Environmental, social & governance goals emerge as top priority for investors in food & beverage

By Elizabeth Crawford contact

- Last updated on GMT

Source: Getty / elenabs
Source: Getty / elenabs

Related tags: Sustainability, Investment

The idea of “doing good” as a company is quickly evolving from “nice to have” to “must have” for fundraising food and beverage businesses as investors and industry strategics increasingly integrate and place more weight on environmental, social and governance issues when seeking and evaluating opportunities, according to several venture capitalists.

“If you want to raise the money to a venture or to a fund and you don’t have a concrete vision and measures for how you are going to implement it and do good, you won’t be able to raise money in the near future,”​ Nadav Berger, founder and managing director of Peak Bridge Partners, told attendees at the virtual Future Food-Tech’s Summit​ this month.

And by ‘near future,’ he explained he is not talking about 20 years from now. But rather, based on his own experience, he said limited partners already are pressuring investment funds and portfolio managers to support companies that benefit shared environmental and social goals.

“We are like a startup that is going and raising funds all the time to our fund, and so we have the perspective of the LPs that invest in funds. So, it used to be the case in California or on the West Coast, if you didn’t show up with a sustainable vision, they wouldn’t talk to you. … We have LPs from Sweden who insisted on taking a train to Switzerland because they don’t fly planes anymore for a fund launched a year and a half ago,”​ Berger said of the speed with which this trend is gaining traction.

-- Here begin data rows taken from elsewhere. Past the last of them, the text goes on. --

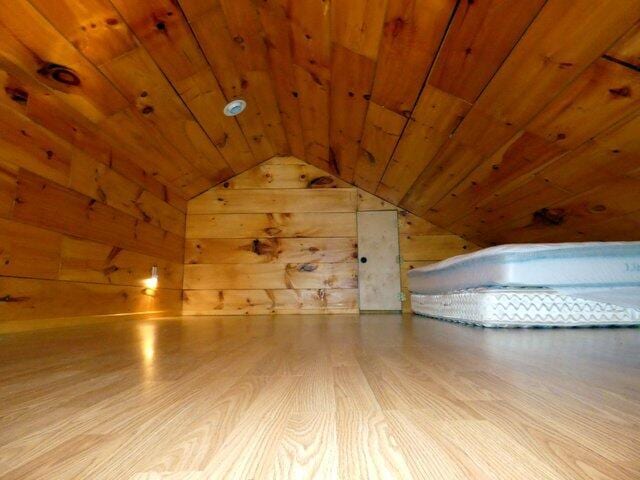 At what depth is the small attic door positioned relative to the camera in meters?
3.57

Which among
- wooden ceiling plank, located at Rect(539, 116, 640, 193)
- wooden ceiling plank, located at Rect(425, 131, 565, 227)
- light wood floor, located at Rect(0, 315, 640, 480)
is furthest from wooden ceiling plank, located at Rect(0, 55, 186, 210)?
wooden ceiling plank, located at Rect(539, 116, 640, 193)

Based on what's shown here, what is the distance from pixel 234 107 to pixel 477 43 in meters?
1.93

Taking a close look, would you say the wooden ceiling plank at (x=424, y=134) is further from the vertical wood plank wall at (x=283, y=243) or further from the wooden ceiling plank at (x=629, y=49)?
the vertical wood plank wall at (x=283, y=243)

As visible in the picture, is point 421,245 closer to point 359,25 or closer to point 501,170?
point 501,170

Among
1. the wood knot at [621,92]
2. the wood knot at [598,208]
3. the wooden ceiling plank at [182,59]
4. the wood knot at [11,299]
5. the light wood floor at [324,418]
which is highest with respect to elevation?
the wooden ceiling plank at [182,59]

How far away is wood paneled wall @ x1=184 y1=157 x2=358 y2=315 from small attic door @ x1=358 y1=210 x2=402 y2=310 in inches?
3.7

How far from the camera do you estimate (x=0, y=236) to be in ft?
5.37

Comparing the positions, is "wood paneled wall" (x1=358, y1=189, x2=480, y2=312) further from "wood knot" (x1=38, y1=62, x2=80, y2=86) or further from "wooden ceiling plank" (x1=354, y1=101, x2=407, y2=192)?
"wood knot" (x1=38, y1=62, x2=80, y2=86)

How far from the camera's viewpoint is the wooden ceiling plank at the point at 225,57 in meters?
1.88

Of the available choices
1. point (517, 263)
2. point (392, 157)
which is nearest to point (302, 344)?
point (517, 263)

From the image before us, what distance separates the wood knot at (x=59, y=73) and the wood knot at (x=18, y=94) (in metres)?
0.13

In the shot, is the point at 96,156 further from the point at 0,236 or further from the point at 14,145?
the point at 0,236

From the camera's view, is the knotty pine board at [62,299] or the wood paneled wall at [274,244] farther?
the wood paneled wall at [274,244]

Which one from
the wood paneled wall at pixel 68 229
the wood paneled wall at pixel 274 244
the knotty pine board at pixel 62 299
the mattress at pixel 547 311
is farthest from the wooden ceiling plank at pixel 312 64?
the knotty pine board at pixel 62 299
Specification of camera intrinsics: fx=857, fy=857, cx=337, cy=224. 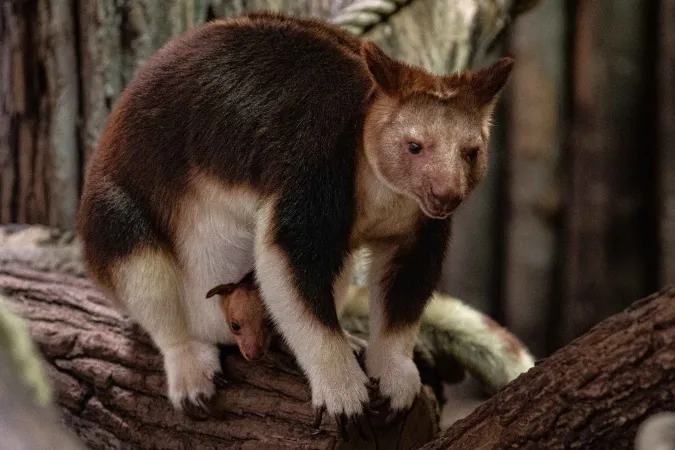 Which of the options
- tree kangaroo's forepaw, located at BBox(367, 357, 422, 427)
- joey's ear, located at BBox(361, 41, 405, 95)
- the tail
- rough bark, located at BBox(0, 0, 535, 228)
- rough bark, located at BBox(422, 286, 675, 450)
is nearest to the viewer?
rough bark, located at BBox(422, 286, 675, 450)

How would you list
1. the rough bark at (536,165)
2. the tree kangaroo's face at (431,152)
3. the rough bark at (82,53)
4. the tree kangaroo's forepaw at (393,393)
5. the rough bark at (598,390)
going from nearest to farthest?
the rough bark at (598,390)
the tree kangaroo's face at (431,152)
the tree kangaroo's forepaw at (393,393)
the rough bark at (82,53)
the rough bark at (536,165)

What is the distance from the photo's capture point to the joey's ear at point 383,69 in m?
1.93

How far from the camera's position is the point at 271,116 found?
6.98ft

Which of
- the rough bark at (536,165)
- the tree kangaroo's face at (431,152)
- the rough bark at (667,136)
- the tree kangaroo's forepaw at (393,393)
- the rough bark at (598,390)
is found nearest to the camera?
the rough bark at (598,390)

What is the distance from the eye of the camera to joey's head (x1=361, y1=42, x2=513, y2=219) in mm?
1852

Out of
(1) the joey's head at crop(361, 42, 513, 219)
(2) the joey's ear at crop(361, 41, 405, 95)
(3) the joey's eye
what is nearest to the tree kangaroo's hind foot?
(1) the joey's head at crop(361, 42, 513, 219)

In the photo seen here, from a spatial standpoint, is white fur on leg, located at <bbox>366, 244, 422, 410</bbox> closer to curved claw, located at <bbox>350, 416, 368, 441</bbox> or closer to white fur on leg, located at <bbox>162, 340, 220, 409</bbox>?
curved claw, located at <bbox>350, 416, 368, 441</bbox>

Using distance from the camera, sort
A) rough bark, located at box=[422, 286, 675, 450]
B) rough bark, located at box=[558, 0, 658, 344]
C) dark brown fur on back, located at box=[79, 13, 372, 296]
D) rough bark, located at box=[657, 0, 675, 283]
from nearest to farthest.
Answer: rough bark, located at box=[422, 286, 675, 450] → dark brown fur on back, located at box=[79, 13, 372, 296] → rough bark, located at box=[657, 0, 675, 283] → rough bark, located at box=[558, 0, 658, 344]

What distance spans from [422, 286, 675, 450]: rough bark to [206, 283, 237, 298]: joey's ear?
0.80 meters

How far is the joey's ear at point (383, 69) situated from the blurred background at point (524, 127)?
1197 mm

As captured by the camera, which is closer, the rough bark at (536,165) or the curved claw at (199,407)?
the curved claw at (199,407)

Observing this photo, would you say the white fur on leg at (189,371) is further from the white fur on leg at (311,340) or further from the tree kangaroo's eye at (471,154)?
the tree kangaroo's eye at (471,154)

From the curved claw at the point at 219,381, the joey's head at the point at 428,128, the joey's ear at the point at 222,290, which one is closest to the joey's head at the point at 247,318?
the joey's ear at the point at 222,290

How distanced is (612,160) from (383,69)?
74.6 inches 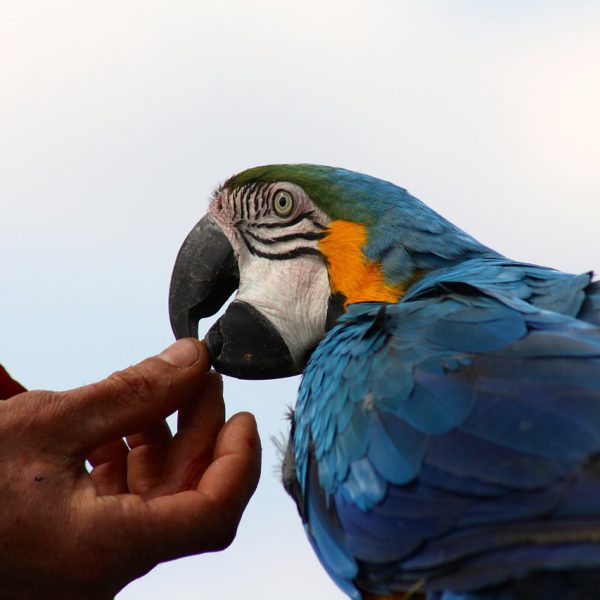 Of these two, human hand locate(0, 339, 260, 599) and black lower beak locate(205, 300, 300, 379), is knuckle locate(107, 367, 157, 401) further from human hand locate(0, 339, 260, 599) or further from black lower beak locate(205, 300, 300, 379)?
black lower beak locate(205, 300, 300, 379)

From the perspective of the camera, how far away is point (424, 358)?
2.15 metres

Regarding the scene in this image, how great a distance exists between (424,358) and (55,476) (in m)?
Result: 0.80

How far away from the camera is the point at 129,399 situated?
241 centimetres

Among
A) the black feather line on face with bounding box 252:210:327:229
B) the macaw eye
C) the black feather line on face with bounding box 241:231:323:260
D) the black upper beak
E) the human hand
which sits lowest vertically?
the human hand

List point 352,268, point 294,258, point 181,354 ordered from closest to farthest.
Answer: point 181,354 < point 352,268 < point 294,258

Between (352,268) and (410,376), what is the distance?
78cm

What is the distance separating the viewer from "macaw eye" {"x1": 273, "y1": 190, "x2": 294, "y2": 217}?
3.09m

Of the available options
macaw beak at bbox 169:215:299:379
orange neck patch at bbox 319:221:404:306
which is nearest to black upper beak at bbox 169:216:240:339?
macaw beak at bbox 169:215:299:379

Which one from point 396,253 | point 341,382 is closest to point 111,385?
point 341,382

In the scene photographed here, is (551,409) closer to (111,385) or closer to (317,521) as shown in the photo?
(317,521)

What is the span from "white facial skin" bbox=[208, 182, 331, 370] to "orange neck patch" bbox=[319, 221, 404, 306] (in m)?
0.04

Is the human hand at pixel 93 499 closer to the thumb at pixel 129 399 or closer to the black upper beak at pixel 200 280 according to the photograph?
the thumb at pixel 129 399

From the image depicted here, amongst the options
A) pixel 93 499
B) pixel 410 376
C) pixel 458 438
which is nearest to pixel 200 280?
pixel 93 499

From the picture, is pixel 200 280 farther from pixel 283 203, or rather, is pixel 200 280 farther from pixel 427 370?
pixel 427 370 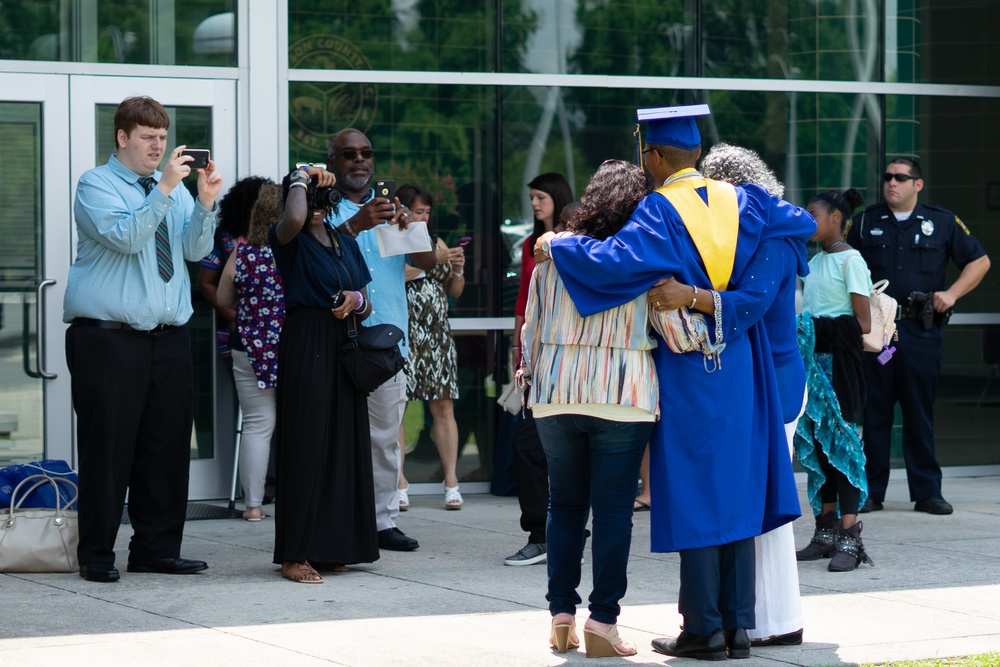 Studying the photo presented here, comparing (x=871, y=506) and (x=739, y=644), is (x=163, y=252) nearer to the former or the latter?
(x=739, y=644)

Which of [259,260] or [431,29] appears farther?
[431,29]

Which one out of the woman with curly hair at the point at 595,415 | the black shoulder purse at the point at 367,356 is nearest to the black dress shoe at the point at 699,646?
the woman with curly hair at the point at 595,415

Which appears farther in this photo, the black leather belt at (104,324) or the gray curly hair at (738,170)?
the black leather belt at (104,324)

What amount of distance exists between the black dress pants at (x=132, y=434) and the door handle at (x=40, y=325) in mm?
1632

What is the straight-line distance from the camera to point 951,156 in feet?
34.6

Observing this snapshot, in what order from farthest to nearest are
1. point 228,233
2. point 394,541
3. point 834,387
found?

He also noted that LP’s interest in ESG goals is more than a passing trend or desire to tic a box that they think will resonate well with end consumers. Rather, he said, “it is much more profound because they test you. They want to know what you really measure”​ and how a company has a demonstrably “positive impact on our planet.”

Berger’s observation is supported by recent data and analysis from Barclays, which estimated in a post this summer that “one in four dollars of professionally managed assets in the US are currently in socially responsible investments, despite the lack of standardization when it comes to defining, measuring and scoring E, S, and G factors in investments.”

In addition, ESG funds in the US have inflows about 7% higher per year than non-ESG funds, which have seen yearly outflows of 2%, according to Barclays' data since 2013.

“This rise in inflows does not appear to have been driven by performance of ESG funds,”​ which have delivered similar returns to non-ESG funds since 2013, added Barclays analysts Arik Ben Dor, managing director and head of quantitative equity research, and Carlo Rosa, director of quantitative portfolio strategy, in the post​.

‘Capital markets at its finest’

David Huggins, VP, nutrition portfolio manager, Active Equities at BlackRock, confirmed during the summit presentation that performance isn’t the top priority for ESG investments, but rather the goal in the investments is to move the needle towards sustainability.

“You are beginning to find a really interesting dynamic right now, where you are getting this burgeoning supply of ESG capital, hundreds of billions of dollars, which are directed towards companies that can tic that box. And that might look a little worrisome in terms of valuations, but it is capital markets at its finest because you are creating incentives to push the world in the right direction toward a more sustainable future,”​ he said.

Strategics eye startups to help meet ESG goals

Large strategic food and beverage players also increasingly are interested in scaling businesses that can demonstrably help them achieve ambitious, publicly declared sustainability or social governance goals, Erin VanLanduit, managing director, Tyson Ventures, added at the virtual summit.

“Sustainability is a consideration in all of the investments that we make on behalf of Tyson. We have some very large and public goals related to sustainability that Tyson has put out there in the past few years. So we do think very carefully about where we’re putting our money because we do want to drive towards those sustainability goals,”​ she said.

In particular, she said, Tyson Ventures is interested in water management, land stewardship, soil health, greenhouse gas reduction and animal welfare.

“We very actively look for companies in those spaces and it is something that’s really important because, quite honestly, I don’t believe that we’ll be able to hit some of our very audacious goals that we’ve set out for the organization unless we do make investments and build more partnerships in those spaces,”​ she said.

Nick Rosa, co-founder and managing director of Sandbox Industries, also confirmed at the summit that “almost all of our ag investments are improving the health of the planet.”​ But he noted that Sandbox Industries is particularly interested in acquaculture and how to get more from the ocean with less impact and more transparency.